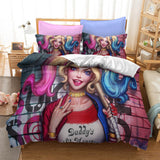 Load image into Gallery viewer, Suicide Squad Harley Quinn Cosplay Bedding Sets Duvet Cover Bed Sets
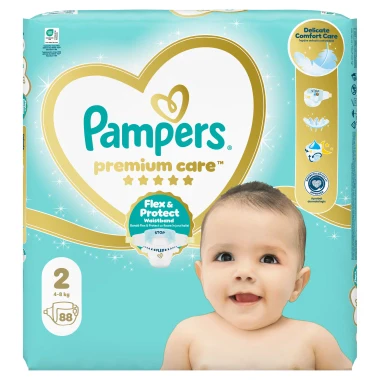 Pampers Premium Care, vel. 2, 88 ks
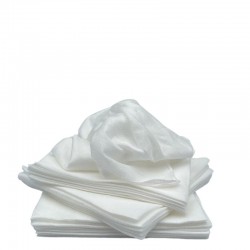 Chiffon non tissé blanc 38x30 - Ecowipes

**Task details**
In your copy of the data above, leave out the pictures and repeat everything else exactly.

**Your solution**
 Load image into Gallery viewer, Suicide Squad Harley Quinn Cosplay Bedding Sets Duvet Cover Bed Sets
 Pampers Premium Care, vel. 2, 88 ks
 Chiffon non tissé blanc 38x30 - Ecowipes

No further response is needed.